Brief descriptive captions
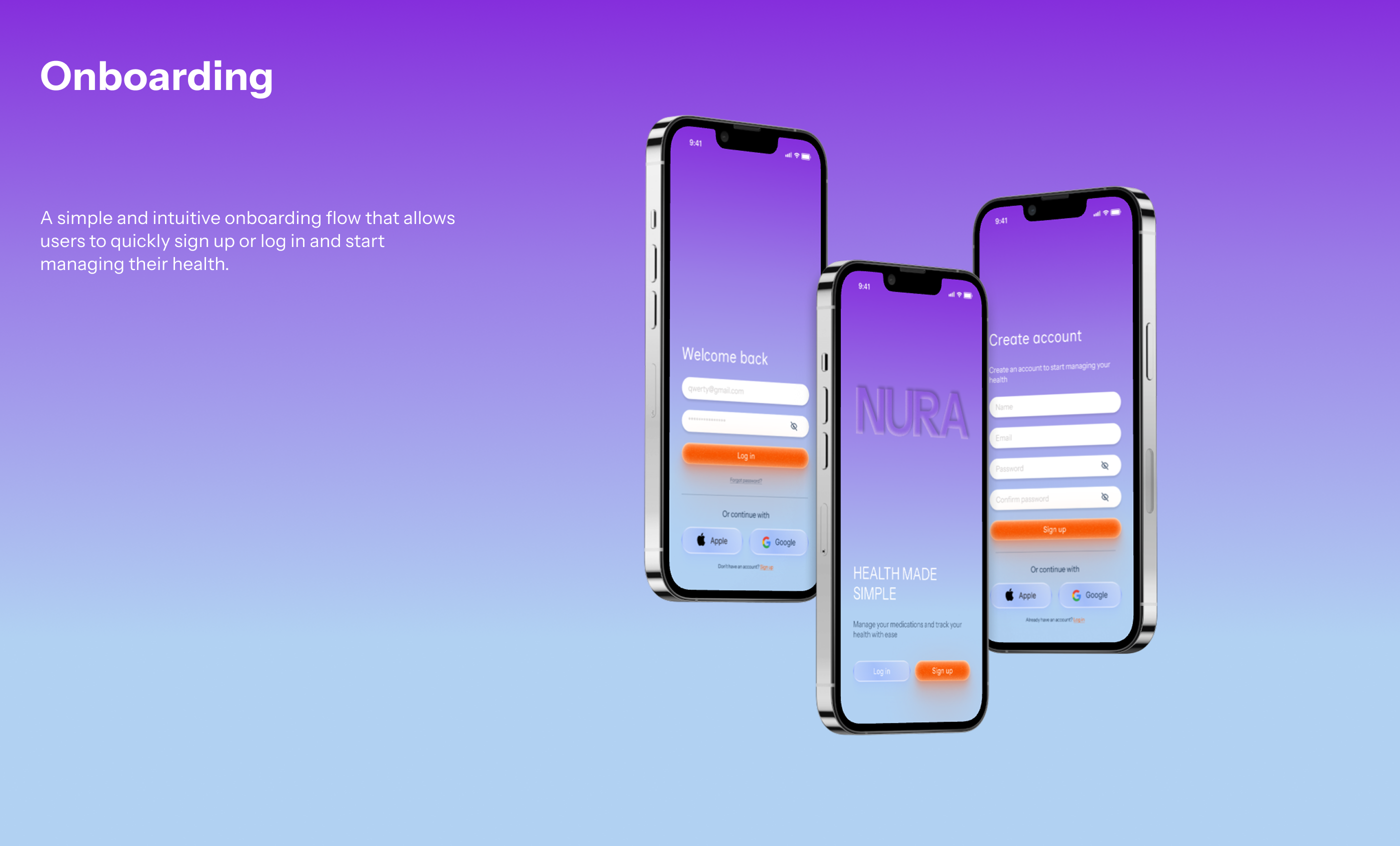 NURA — Health Tracking App — Изображение №7 — Интерфейсы на Dprofile
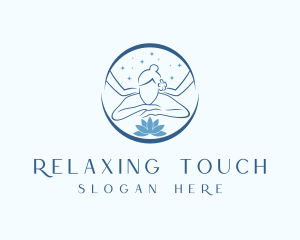 Massage - Spa Relaxation Massage logo design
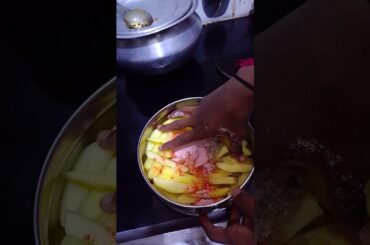 french fries recipe mini vlog #subscribe #shortvideo #subscribeminivlog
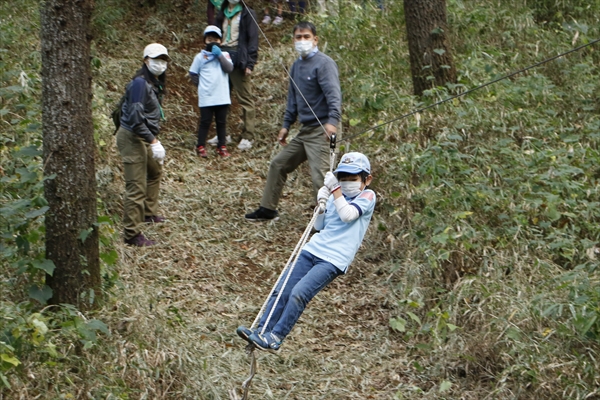 日野2団カブ隊の活動写真その1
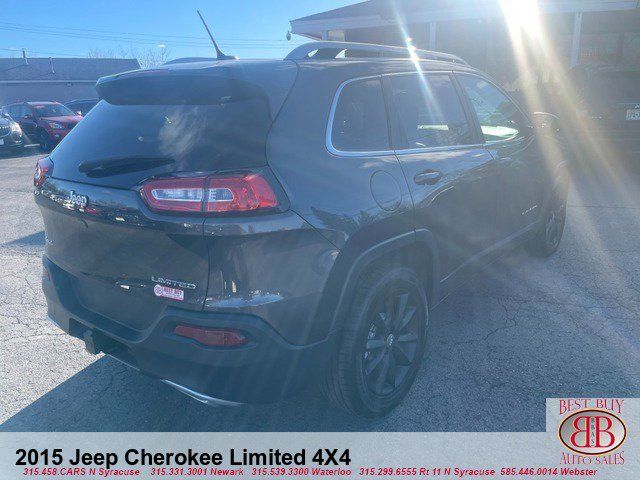 2015 Jeep Cherokee Limited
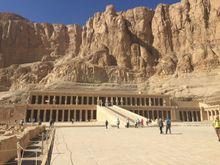 Queen Hatshepsut Tomb, Valley of the Queens 2017
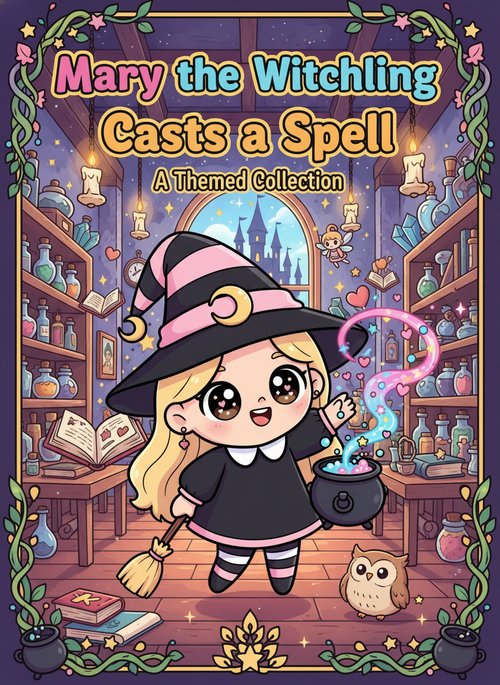 Mary the Witchling Casts a Spell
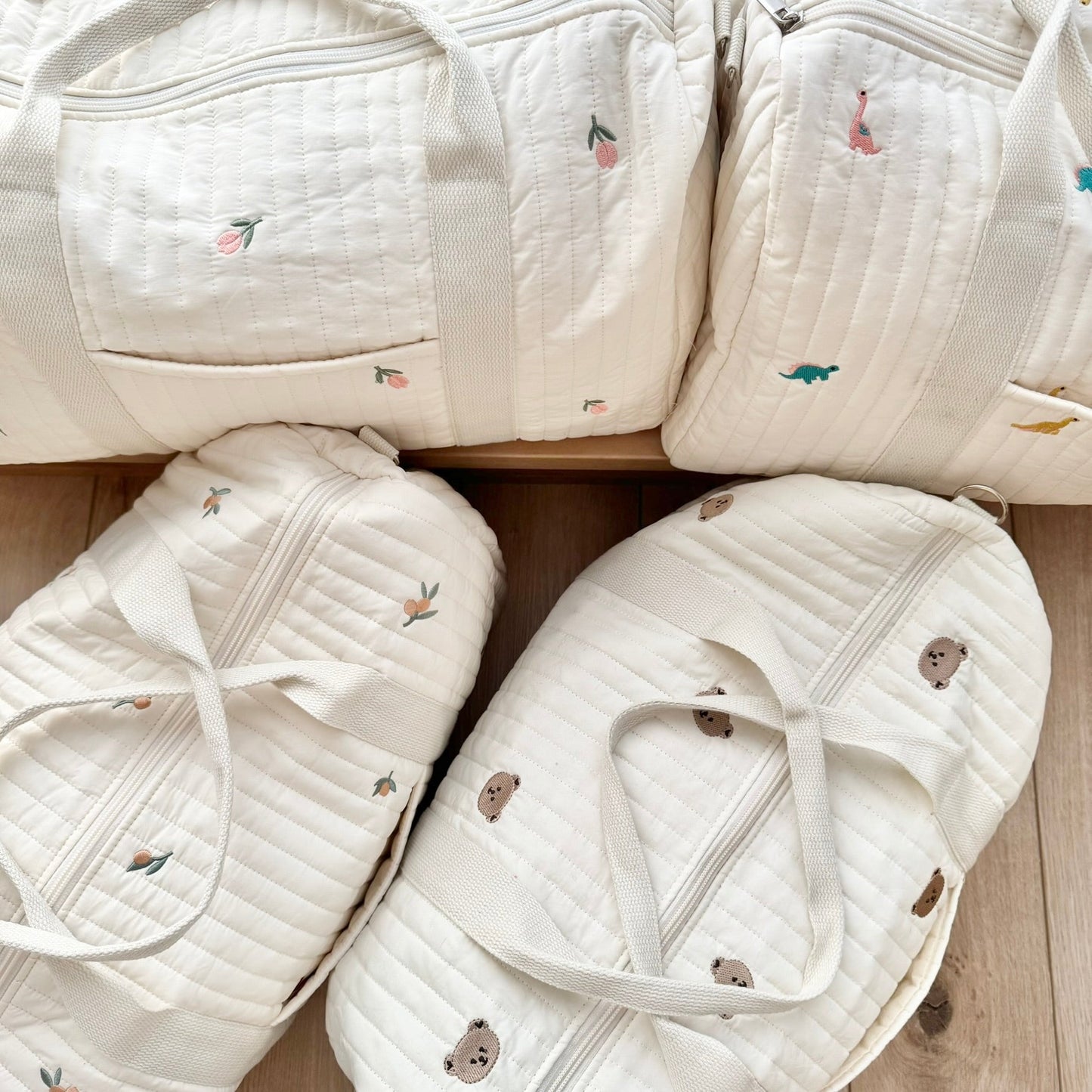 Alt-i-en-nødvendigheder til mor Duffel-tote-taske – Holdbar og stilfuld bæretaske Tote Bag Tech Butik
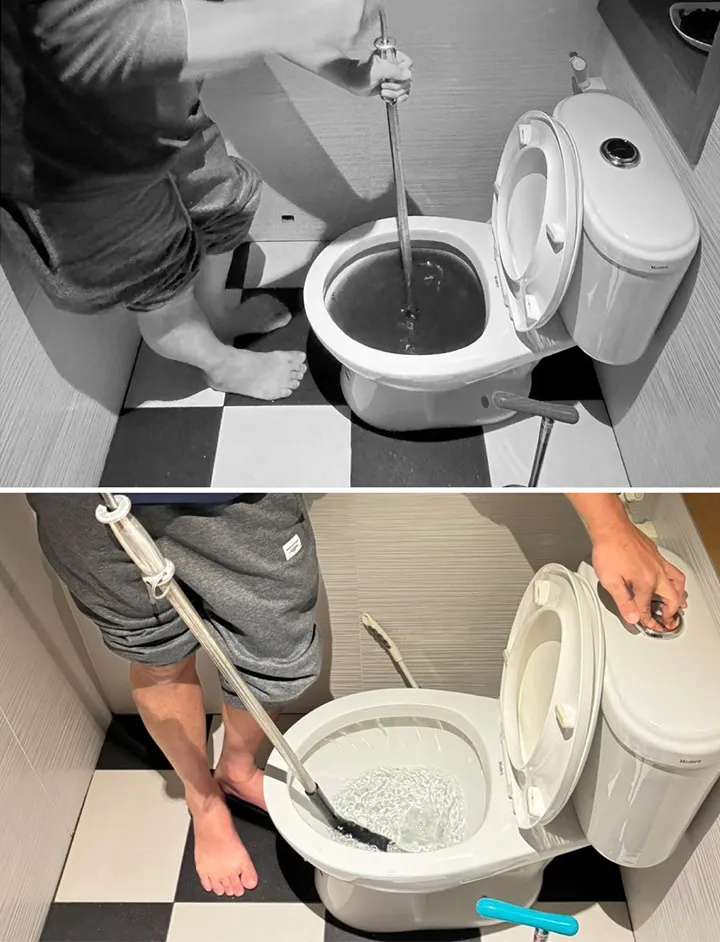 馬桶堵塞排除／更換安裝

* [Task to carry out]:
Beginning with the line that contains "2015 Jeep Cherokee Limited", repeat every remaining line of the data exactly, the last line included, and omit pictures.

* [Result of this task]:
 2015 Jeep Cherokee Limited
 Queen Hatshepsut Tomb, Valley of the Queens 2017
 Mary the Witchling Casts a Spell
 Alt-i-en-nødvendigheder til mor Duffel-tote-taske – Holdbar og stilfuld bæretaske Tote Bag Tech Butik
 馬桶堵塞排除／更換安裝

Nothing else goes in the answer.